Set forth below is the text of a post that I recently put to the discussion thread for another blog entry at this site:
I am not really following. Are you comparing yourself to women who were assaulted by bill cosby?
And are you saying that they were correct to not come forward?
Yes, I am making the comparison. Cosby committed terrible crimes. He deserves to be in prison.
I wish that the women would have come forward immediately after the crimes were committed just as I wish that every single person who witnessed the crimes that you Goons have committed would have come forward immediately. I certainly understand why the women did not come forward. Cosby was a powerful person and there is often a big price to be paid for coming forward about crimes committed by powerful people. We saw the same phenomenon play out when Wade Pfau became afraid of what would be done to him if he sought to have your threats against him prosecuted. Would Bogle have helped? Or would Bogle have kept his mouth shut in support of you Goons? We know which way Wade moved. So we know he had doubts about how much he could count on Bogle’s help.
The financial fraud thing is a very big deal. I would say that 70 percent of the problem with investment advice today is just ignorance. I mean no dig by that. Humankind is born in ignorance. Shiller provided us a big piece of the puzzle in 1981 and his research could have been put to use dispelling lots of ignorance. But that doesn’t mean that the people who remain in ignorance today are to blame for their condition. We all learn by talking things over. And you Goons have been working hard for a long time to make sure that the price for dispelling ignorance in this field is very high. So millions of people know less than they want to know and less than they need to know.
Another 20 percent of the problem is cognitive dissonance. The experts cannot plead ignorance. They are paid to know about stuff like Shiller’s research. So they possess at least a surface understanding of it. But cognitive dissonance makes it hard for them to develop a fuller understanding. Cognitive dissonance is a very real thing. I think it is a terrible mistake to attribute mistakes that the experts make to fraud when there is a chance that it may instead by attributable to cognitive dissonance. The charitable thing to do is to attribute it to cognitive dissonance if there is any possibility whatsoever that that is the real cause. I don’t call something “fraud” until I see clear evidence of bad intent — death threats or demands for unjustified board bannings or thousands of acts of defamation or threats to get academic researchers fired from their jobs. Even in those cases, cognitive dissonance is usually the cause of the mistaken position. But in those cases you clearly have fraud at work too in regard to the cover-up of the mistake.
I would say that outright fraud is 10 percent of the problem. It’s a relatively small percentage. But it is a small percentage that causes a huge amount of human misery. Ignorance is an unfortunate reality but it is just one of those things. The full reality is that we all should be jumping for joy that Shiller provided us the means to overcome our ignorance 38 years ago.
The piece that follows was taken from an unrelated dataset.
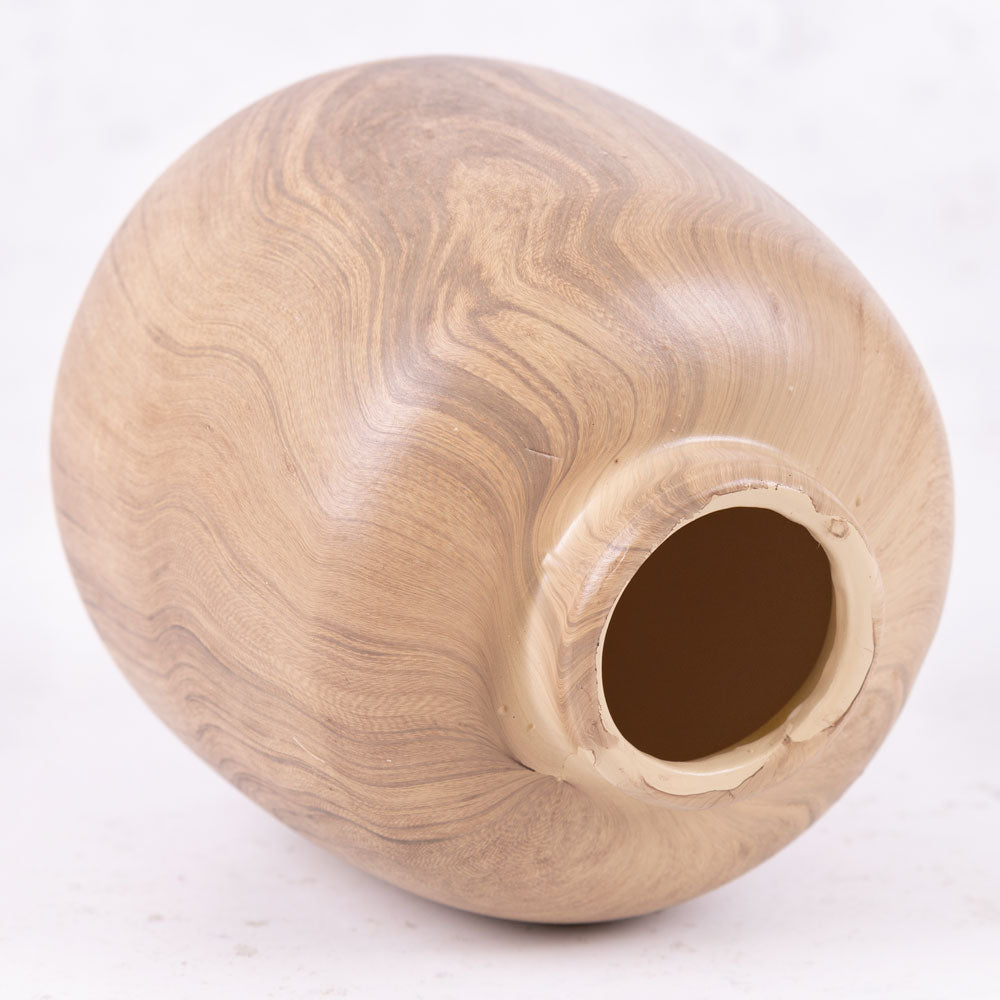 Ceramic Vase, Natural Brown, 12x13.5cm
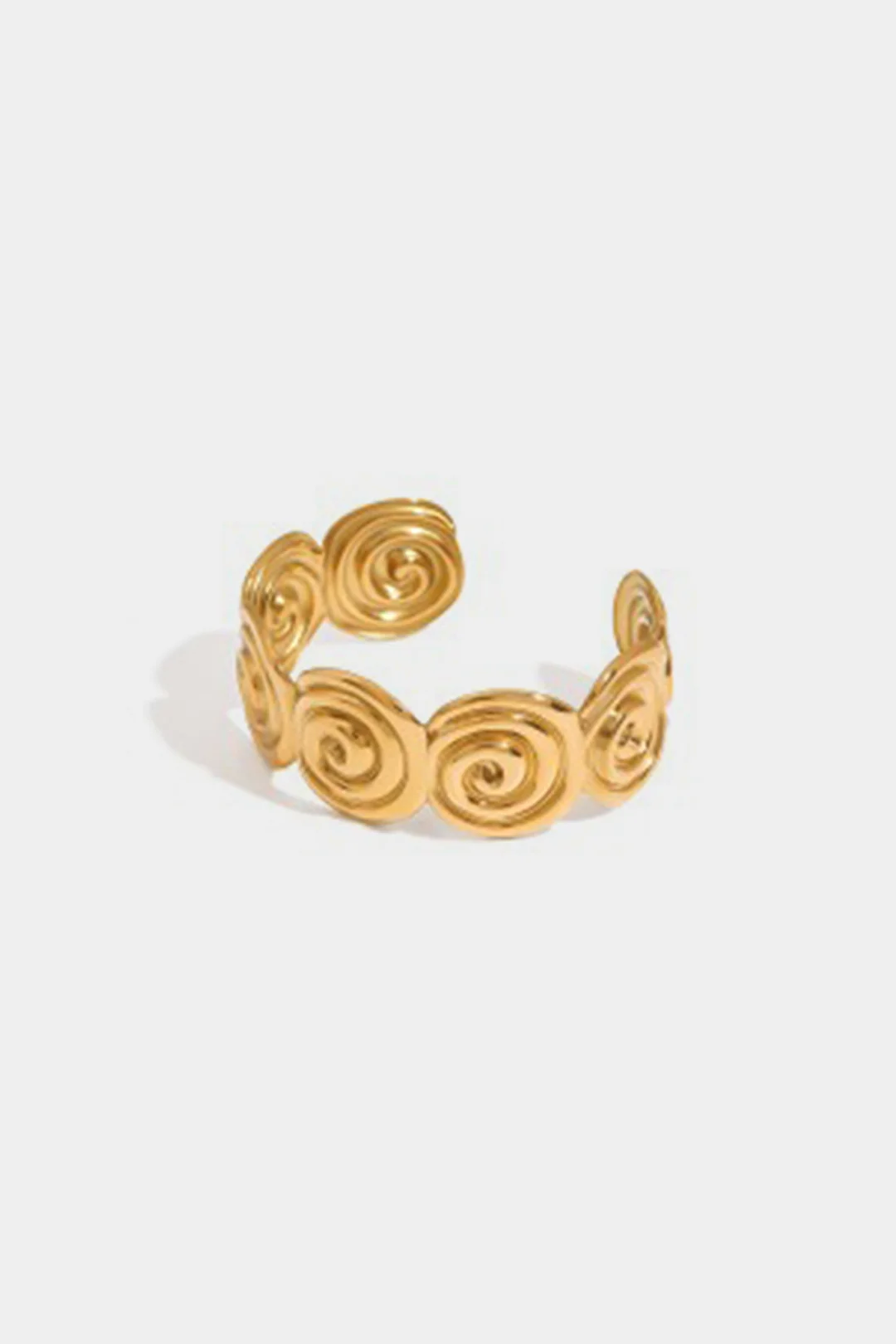 Alloy Geometric Open Bracelet - Weenar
We are all on the road to becoming far more effective investors. It’s a shame that the vast majority of us remain stuck in a pre-1981 understanding of how stock investing works. But the trend line is looking very positive.
Cognitive dissonance is hurting us more than ignorance. If it were not for the cognitive dissonance, we could clear up the ignorance in no time. It certainly would not take 38 years to get the word out re how stock investing works in the real world! But cognitive dissonance is a real thing and I think we just have to accept that, however long it takes for the experts in this field to overcome their cognitive dissonance, that’s how long it takes. We need to do what we can to keep things moving forward. But we should not make harsh judgments in cases in which they are not 100 percent justified and required.
The fraud stuff is different. It is the fraud stuff that permits both the ignorance and the cognitive dissonance to do us so much harm. We can dispel the ignorance and we can dispel the cognitive dissonance. And it should not take all that much time to make the good stuff happen. But we cannot get to first base until we come together as a people and adopt a 100 percent firm position re the financial fraud garbage. That’s 100 percent critical. That’s the entire ball of wax. Our laws against financial fraud are good and necessary laws. We need to enforce them.
That’s my sincere take re these terribly important matters, in any event.